◆ **EXERCISE PROMPT**
Reproduce the listing below exactly, except for its pictures.

◆ **DATA SECTION**
== == ==
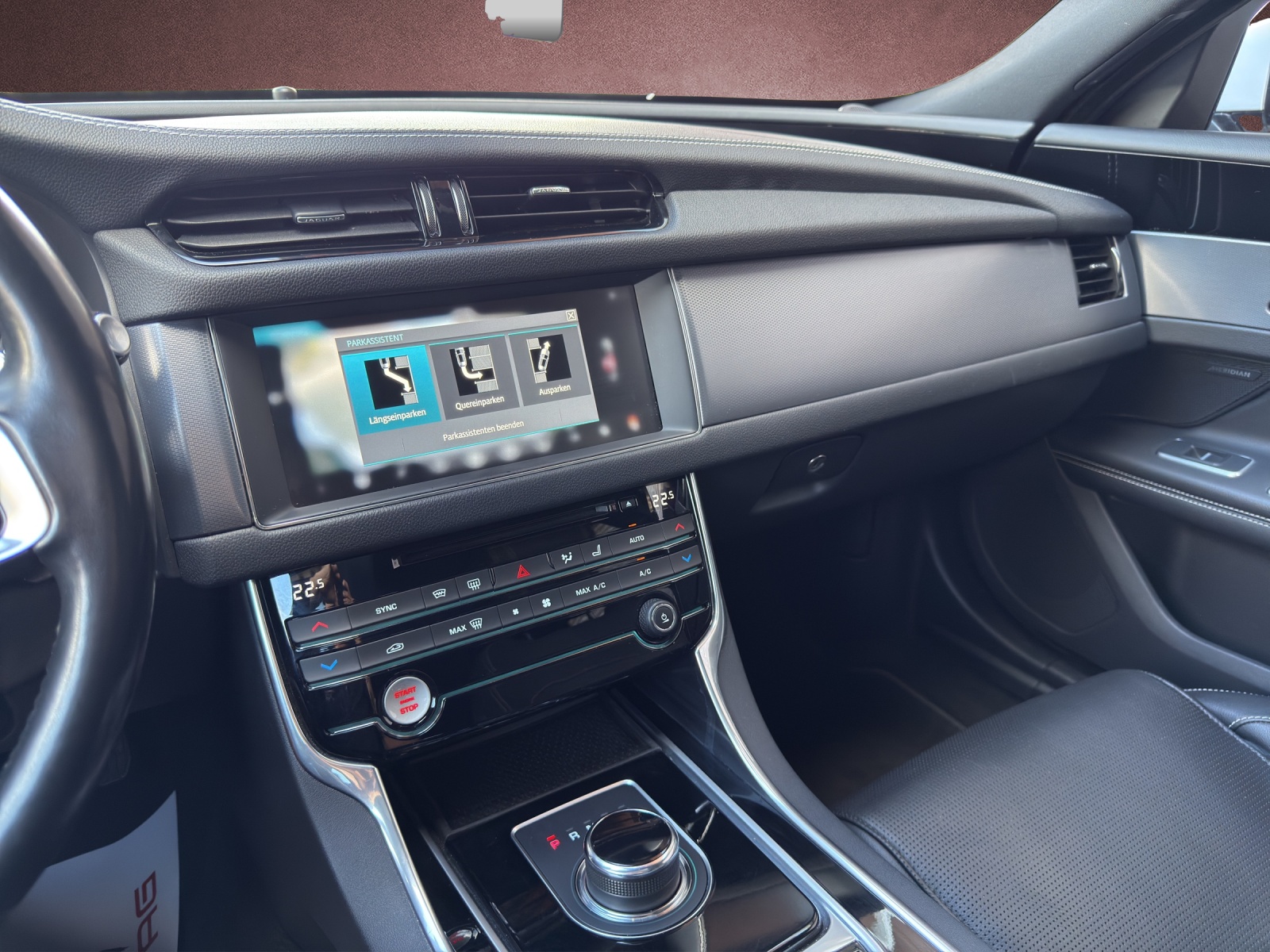 JAGUAR XF Sportbrake 20d R-Sport AWD Automatic-image-8
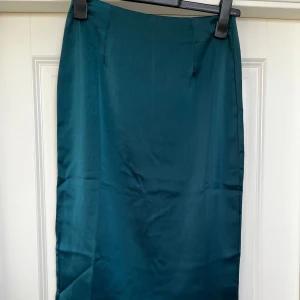 Kjol  - Kjolen är mer åt det gröna hållet 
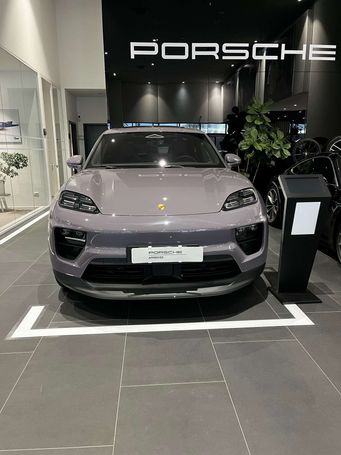 Porsche Macan 4 300 kW image number 1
== == ==
◆ **SOLUTION FOR THIS EXERCISE**
 JAGUAR XF Sportbrake 20d R-Sport AWD Automatic-image-8
 Kjol  - Kjolen är mer åt det gröna hållet 
 Porsche Macan 4 300 kW image number 1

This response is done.